Multi-Level Policy and Reward Reinforcement Learning for Image Captioning
Multi-Level Policy and Reward Reinforcement Learning for Image Captioning
Anan Liu, Ning Xu, Hanwang Zhang, Weizhi Nie, Yuting Su, Yongdong Zhang
Proceedings of the Twenty-Seventh International Joint Conference on Artificial Intelligence
Main track. Pages 821-827.
https://doi.org/10.24963/ijcai.2018/114
Image captioning is one of the most challenging
hallmark of AI, due to its complexity in visual and
natural language understanding. As it is essentially
a sequential prediction task, recent advances in image
captioning use Reinforcement Learning (RL) to
better explore the dynamics of word-by-word generation.

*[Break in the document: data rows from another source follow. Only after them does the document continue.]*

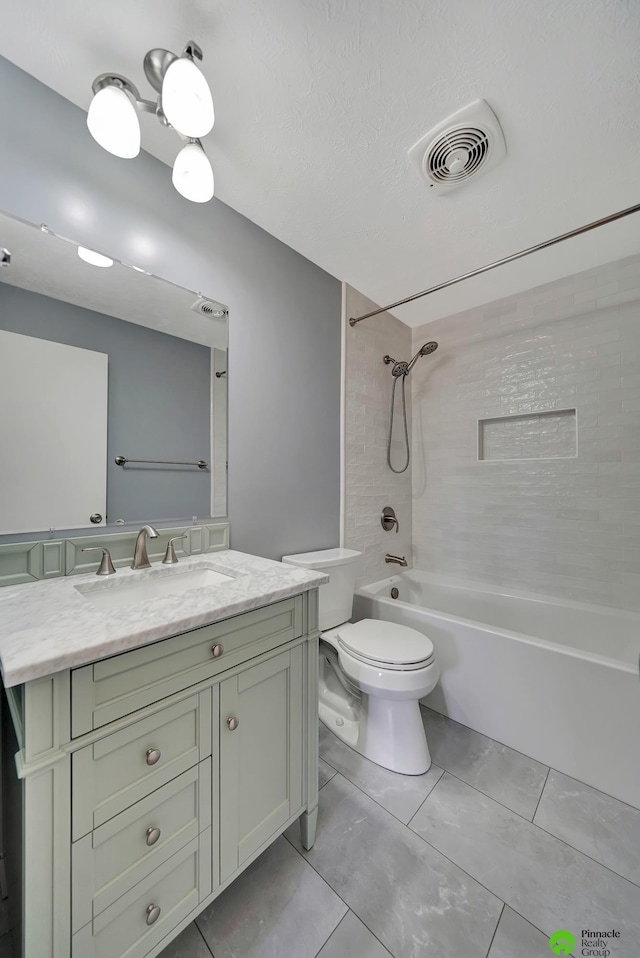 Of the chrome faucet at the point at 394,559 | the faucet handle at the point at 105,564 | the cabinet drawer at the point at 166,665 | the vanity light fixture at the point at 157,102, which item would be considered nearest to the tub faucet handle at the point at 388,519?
the chrome faucet at the point at 394,559

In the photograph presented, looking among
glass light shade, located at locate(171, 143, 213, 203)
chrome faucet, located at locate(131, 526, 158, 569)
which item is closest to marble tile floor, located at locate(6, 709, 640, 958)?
chrome faucet, located at locate(131, 526, 158, 569)

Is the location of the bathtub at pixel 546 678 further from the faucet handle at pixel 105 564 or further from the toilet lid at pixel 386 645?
the faucet handle at pixel 105 564

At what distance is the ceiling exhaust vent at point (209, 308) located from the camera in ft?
4.61

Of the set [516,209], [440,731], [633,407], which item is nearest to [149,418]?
[516,209]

However, existing RL-based image captioning
methods mainly rely on a single policy network
and reward function that does not well fit the
multi-level (word and sentence) and multi-modal
(vision and language) nature of the task. To this
end, we propose a novel multi-level policy and reward
RL framework for image captioning. It contains
two modules: 1) Multi-Level Policy Network
that can adaptively fuse the word-level policy and
the sentence-level policy for the word generation;
and 2) Multi-Level Reward Function that collaboratively
leverages both vision-language reward and
language-language reward to guide the policy. Further,
we propose a guidance term to bridge the policy
and the reward for RL optimization. Extensive
experiments and analysis on MSCOCO and Flickr30k
show that the proposed framework can achieve
competing performances with respect to different
evaluation metrics.
Keywords:
Computer Vision: Recognition: Detection, Categorization, Indexing, Matching, Retrieval, Semantic Interpretation
Computer Vision: Language and Vision